Tutorial

In the following we will explain the basic features of climin with a simple example. For that we will first use a multinomial logistic regression, which suffices to show much of climin’s functionality.

Although we will use numpy in this example, we have spent quite some effort to make most optimizers work with gnumpy as well. This makes the use of GPUs possible. Check the reference documentation for specific optimizers whether the usage of GPU is supported.

Defining a Loss Function

At the heart of optimizitation lies the objective function we wish to optimize. In the case of climin, we will always be concernced with minimization. Even though algorithms are sometimes defined with respect to maximization (e.g.i Bayesian optimization or evolution strategies) in the literature. Thus, we will also be talking about loss functions.

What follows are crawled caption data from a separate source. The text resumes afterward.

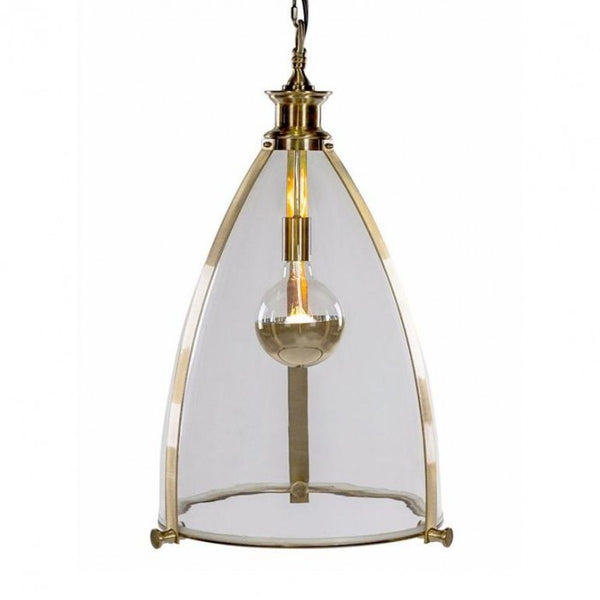 70cm Brass Framed Hanging Ceiling Light With Glass Panes
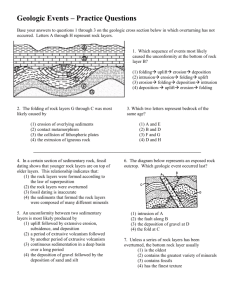 Geologic Events – Practice Questions - Coxsackie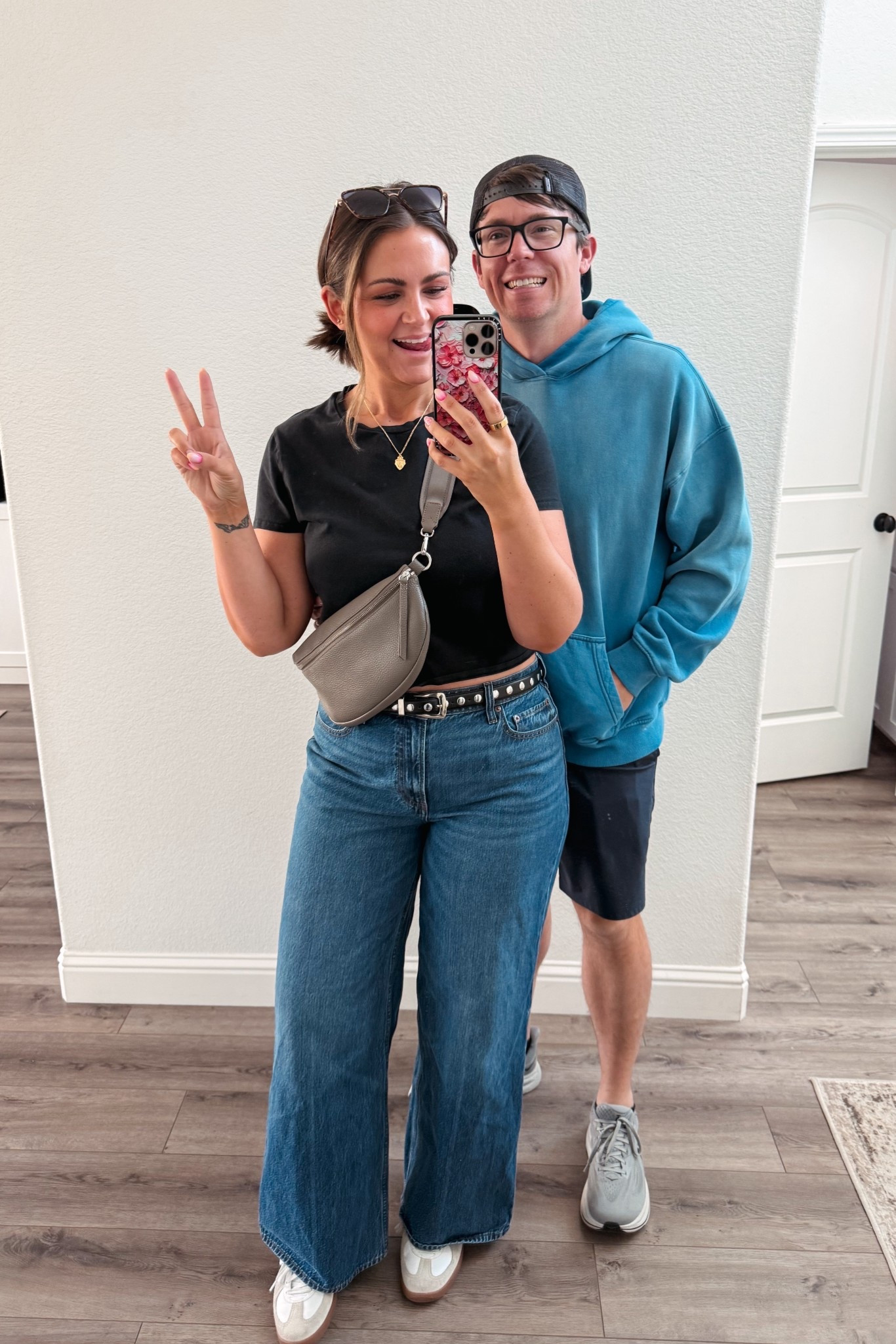 Sizing >>
Tshirt, large
Pants, 31Regular
Sneakers, true size 10

Size 12, casual style, midsize, wide leg jeans, mom style 

#LTKootd #LTKMidsize #LTKSaleAlert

A loss function in climin follows a simple protocol: a callable (e.g. a function) which takes an array with a single dimension as input and returns a scalar. An example would be a simple polynomial of degree 2:

def loss(x):
    return (x ** 2).sum()

In machine learning, this will mostly be the parameters of our model. Additionally, we will often have further arguments to the loss, the most important being the data that our model works on.

Logistic Regression

Optimizing a scalar quadratic with an iterative technique is all nice, but we want to do more complicated things. We will thus move on to use logistic regression.

In climin, the parameter vector will always be one dimensional. Your loss function will have to unpack that vector into the various parameters of different shapes. While this might seem tedious at first, it makes some calculations much easier and also more efficient.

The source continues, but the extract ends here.